Is there a significant difference between the average weights of male and female babies?
\(H_0 : \mu_d = 0\)
\(H_A : \mu_d \neq 0\)
#Creating a subset of male and female babies
male_babies <- subset(ncbirths, ncbirths$gender == "male")
female_babies <- subset(ncbirths, ncbirths$gender == "female")
#Storing the mean weight and standard deviation of male and female babies
mn_male_wt <- mean(male_babies$weight, na.rm = TRUE)
mn_female_wt <- mean (female_babies$weight, na.rm = TRUE)
sd_male_wt <- sd(male_babies$weight, na.rm = TRUE)
sd_female_wt <- sd(female_babies$weight, na.rm = TRUE)
#Storing the mean difference of male and female babies
mn_diff_babywt <- (mn_male_wt - mn_female_wt)
#Calculating the sample size of male and female babies
table(is.na(male_babies$weight))
##
## FALSE
## 497
table(is.na(female_babies$weight))
##
## FALSE
## 503
#Storing the standard error
SE_b_wt <- sqrt((sd_male_wt^2/497)+(sd_female_wt^2/503))

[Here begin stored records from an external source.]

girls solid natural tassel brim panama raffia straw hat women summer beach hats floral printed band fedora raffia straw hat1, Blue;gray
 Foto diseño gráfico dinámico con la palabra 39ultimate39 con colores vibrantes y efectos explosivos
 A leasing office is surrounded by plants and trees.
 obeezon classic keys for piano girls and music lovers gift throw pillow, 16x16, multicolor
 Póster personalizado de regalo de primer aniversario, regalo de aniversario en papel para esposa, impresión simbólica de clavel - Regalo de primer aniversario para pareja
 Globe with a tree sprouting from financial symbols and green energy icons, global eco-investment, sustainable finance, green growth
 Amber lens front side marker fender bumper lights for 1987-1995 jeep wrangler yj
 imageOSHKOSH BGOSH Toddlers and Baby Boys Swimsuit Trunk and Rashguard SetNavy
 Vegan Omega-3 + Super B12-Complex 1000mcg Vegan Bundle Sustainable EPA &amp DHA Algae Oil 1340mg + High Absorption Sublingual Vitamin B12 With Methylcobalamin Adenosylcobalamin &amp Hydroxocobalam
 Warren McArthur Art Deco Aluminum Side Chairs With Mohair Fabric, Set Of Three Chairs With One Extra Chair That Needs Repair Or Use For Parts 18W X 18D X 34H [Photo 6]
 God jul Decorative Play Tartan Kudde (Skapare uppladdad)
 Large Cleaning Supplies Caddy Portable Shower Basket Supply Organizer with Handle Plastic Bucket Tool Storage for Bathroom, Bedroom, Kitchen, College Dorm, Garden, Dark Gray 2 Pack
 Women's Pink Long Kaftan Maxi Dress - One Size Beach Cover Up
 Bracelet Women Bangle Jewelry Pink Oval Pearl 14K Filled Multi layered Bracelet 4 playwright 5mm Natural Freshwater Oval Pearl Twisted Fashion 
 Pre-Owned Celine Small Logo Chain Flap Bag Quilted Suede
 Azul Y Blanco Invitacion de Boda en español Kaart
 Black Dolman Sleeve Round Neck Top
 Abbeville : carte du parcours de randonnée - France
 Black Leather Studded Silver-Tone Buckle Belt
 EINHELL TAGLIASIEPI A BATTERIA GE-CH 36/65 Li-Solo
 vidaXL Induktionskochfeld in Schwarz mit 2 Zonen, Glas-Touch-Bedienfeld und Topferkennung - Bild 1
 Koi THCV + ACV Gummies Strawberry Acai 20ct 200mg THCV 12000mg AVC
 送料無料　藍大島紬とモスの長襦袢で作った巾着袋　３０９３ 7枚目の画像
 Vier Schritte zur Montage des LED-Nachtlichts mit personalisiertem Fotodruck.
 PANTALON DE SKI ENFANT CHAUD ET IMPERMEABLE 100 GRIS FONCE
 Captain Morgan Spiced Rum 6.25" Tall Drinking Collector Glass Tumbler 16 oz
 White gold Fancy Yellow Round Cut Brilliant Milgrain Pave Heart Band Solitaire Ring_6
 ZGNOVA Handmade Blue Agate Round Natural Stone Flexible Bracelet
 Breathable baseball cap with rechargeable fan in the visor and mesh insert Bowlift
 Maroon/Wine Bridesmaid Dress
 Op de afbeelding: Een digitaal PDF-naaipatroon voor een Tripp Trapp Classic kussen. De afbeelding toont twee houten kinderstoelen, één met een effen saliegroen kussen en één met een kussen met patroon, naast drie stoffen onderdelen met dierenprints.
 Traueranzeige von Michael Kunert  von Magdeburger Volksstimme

#Finding the test statistic
(mn_diff_babywt - 0)/SE_b_wt
## [1] 4.211303
#Finding the p-value
pt(4.211303, df=496, lower.tail = FALSE)*2
## [1] 3.015765e-05
The p-value (3.015765e-05) is less than alpha (0.05), and we therefore reject the null hypothesis in favor of the alternate hypothesis.
The data suggests that there is indeed a difference between the average weight of male and females babies.